### DATA FOR THIS EXERCISE

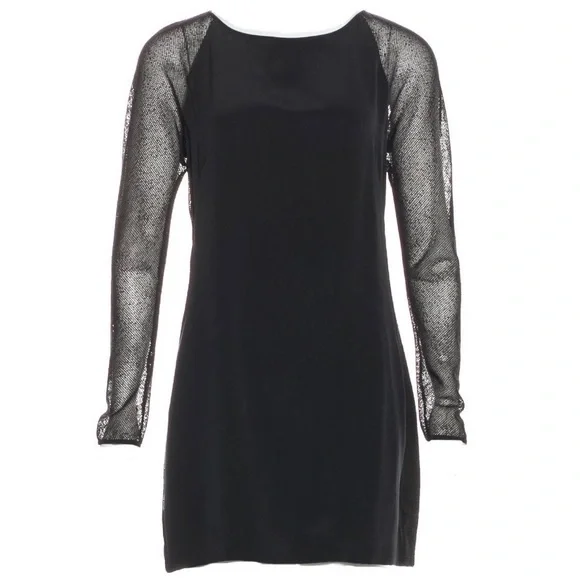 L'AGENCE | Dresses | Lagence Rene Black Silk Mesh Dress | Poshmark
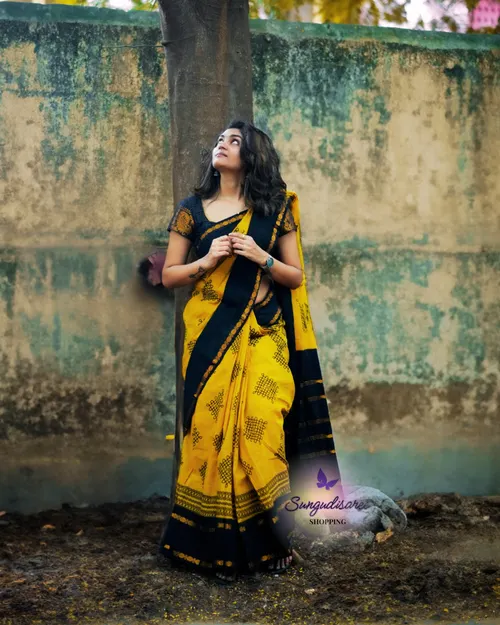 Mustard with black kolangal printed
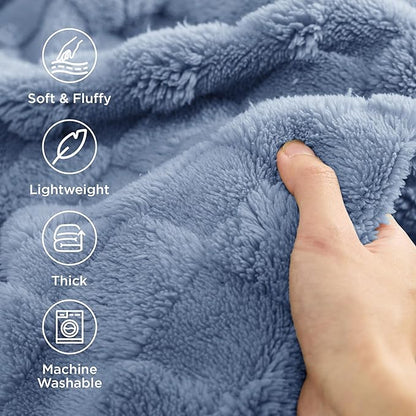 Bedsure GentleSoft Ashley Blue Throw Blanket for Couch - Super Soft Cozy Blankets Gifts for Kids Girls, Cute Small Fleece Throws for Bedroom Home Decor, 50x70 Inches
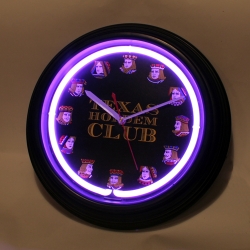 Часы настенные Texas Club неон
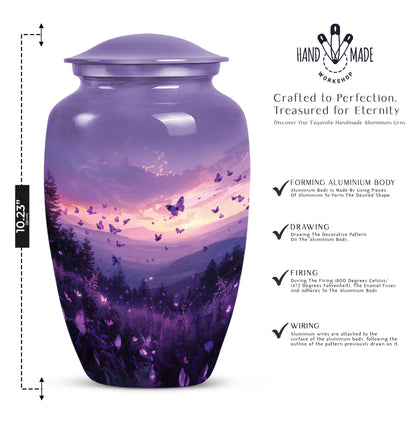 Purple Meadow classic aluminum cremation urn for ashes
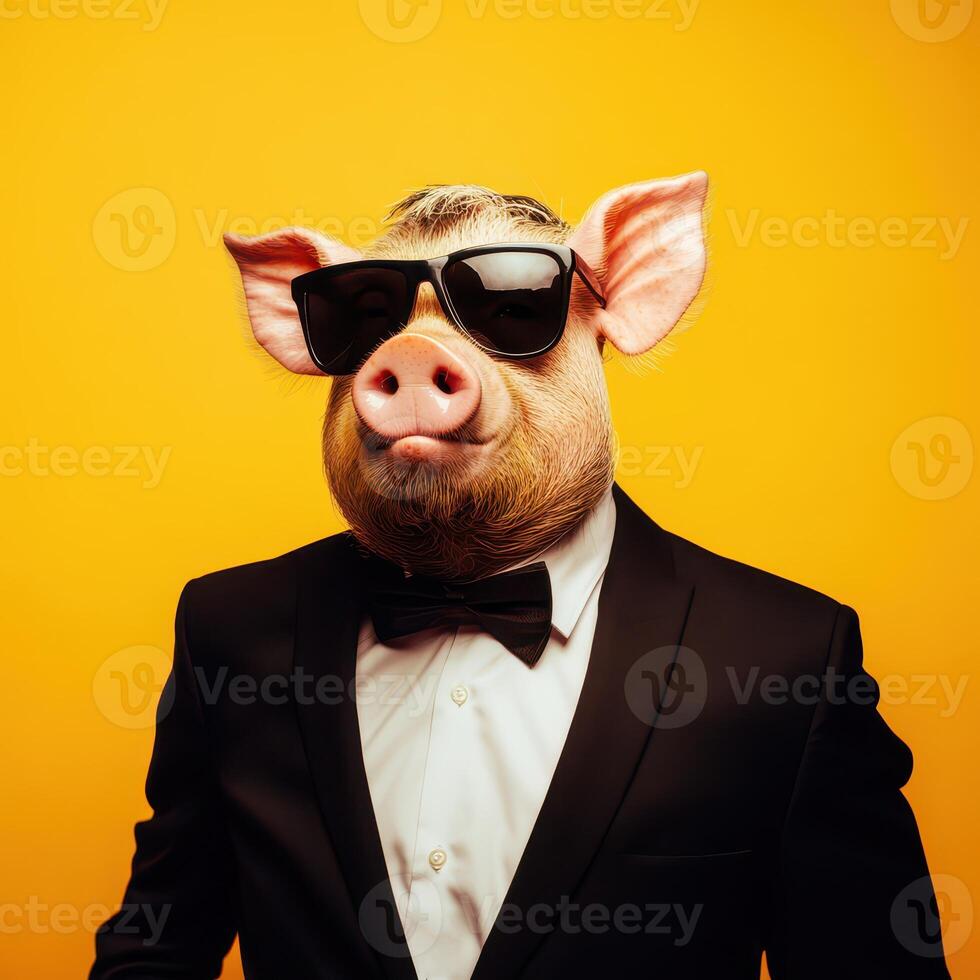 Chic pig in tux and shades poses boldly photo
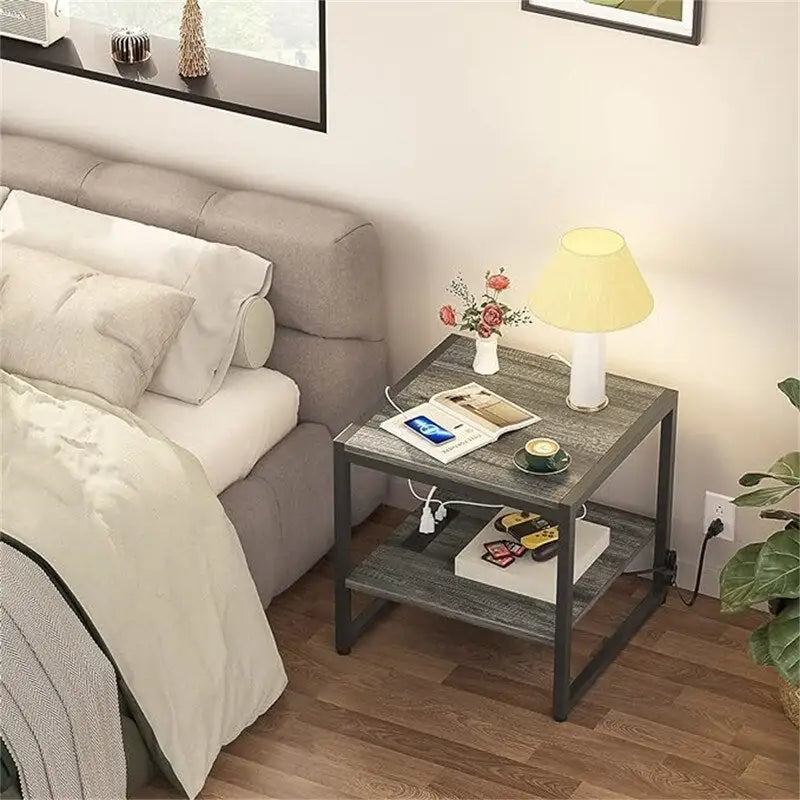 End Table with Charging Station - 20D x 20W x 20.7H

######

■ **WORK TASK**: Set down word for word each line from the one containing "Mustard with black kolangal printed" through the end of the material, and keep the pictures out of it.

■ **EXERCISE RESULT**:
 Mustard with black kolangal printed
 Bedsure GentleSoft Ashley Blue Throw Blanket for Couch - Super Soft Cozy Blankets Gifts for Kids Girls, Cute Small Fleece Throws for Bedroom Home Decor, 50x70 Inches
 Часы настенные Texas Club неон
 Purple Meadow classic aluminum cremation urn for ashes
 Chic pig in tux and shades poses boldly photo
 End Table with Charging Station - 20D x 20W x 20.7H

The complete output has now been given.